• _Requirement_
Drop every picture, then print the rest of the listing exactly as given.

• _Information provided_
"""

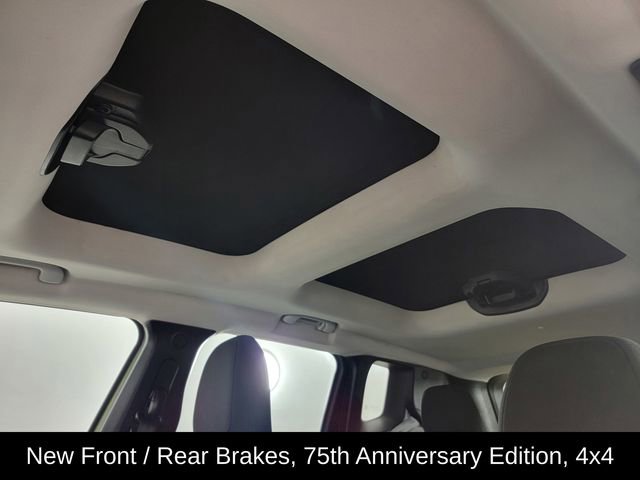 Used 2016 Jeep Renegade 75th Anniversary image 34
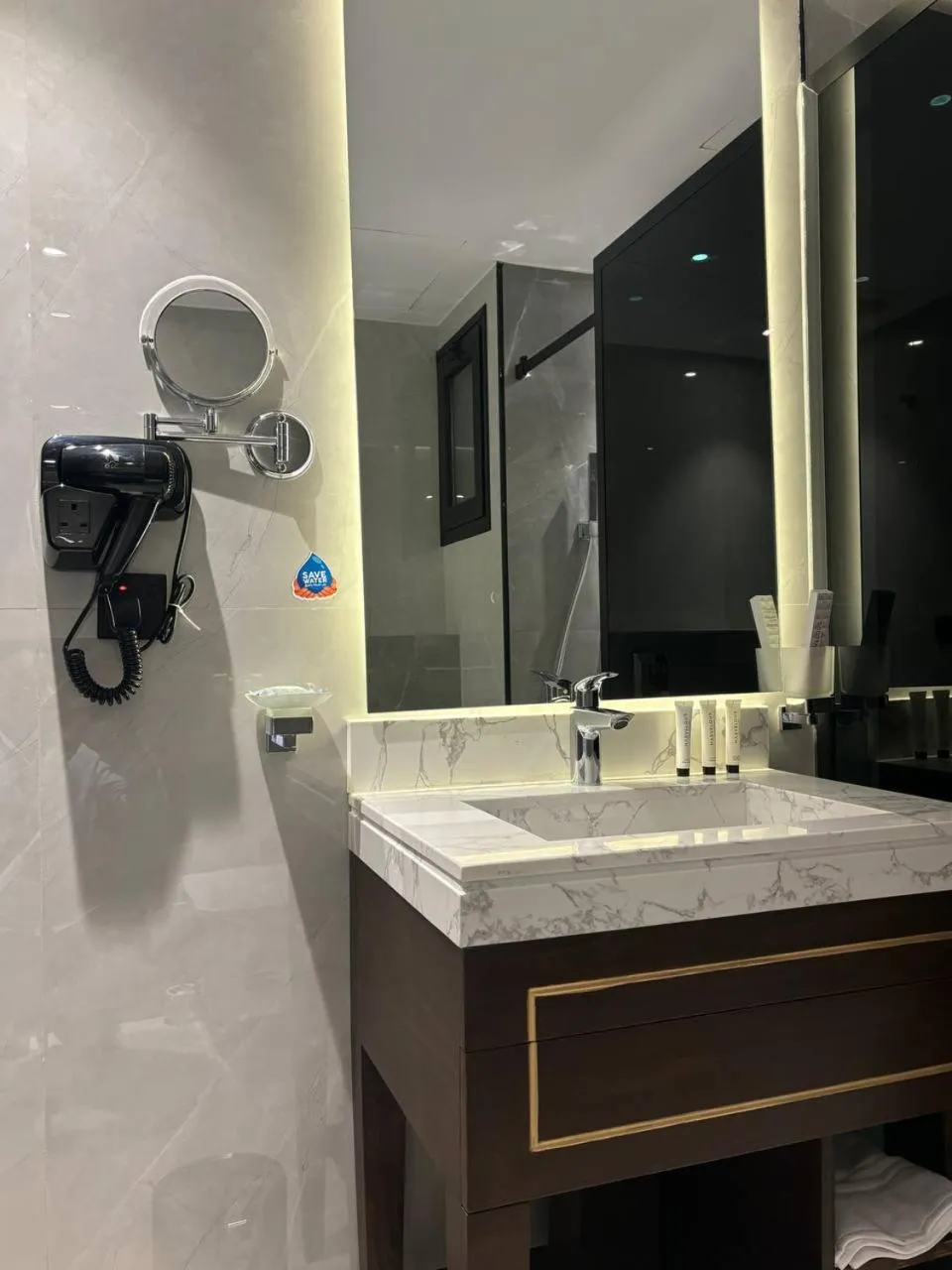 Toilet in Jadeel Hotel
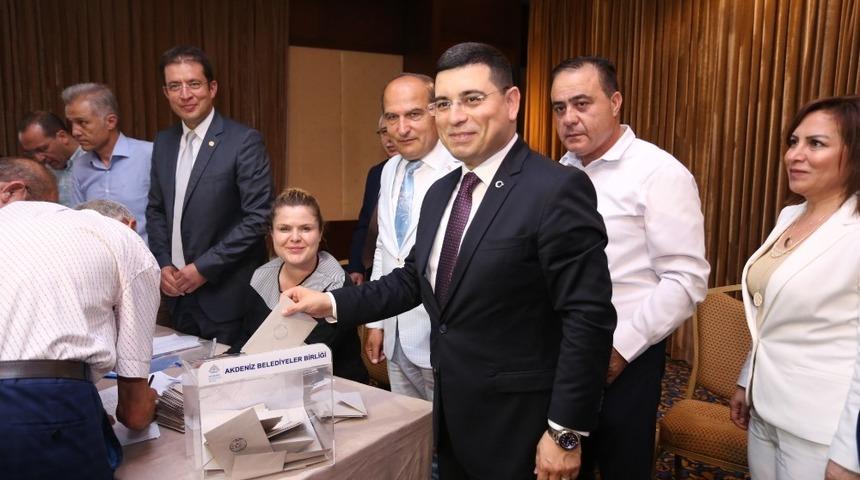 AKBB yine T&uuml;t&uuml;nc&uuml; dedi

"""

• _Answer below_
 Used 2016 Jeep Renegade 75th Anniversary image 34
 Toilet in Jadeel Hotel
 AKBB yine T&uuml;t&uuml;nc&uuml; dedi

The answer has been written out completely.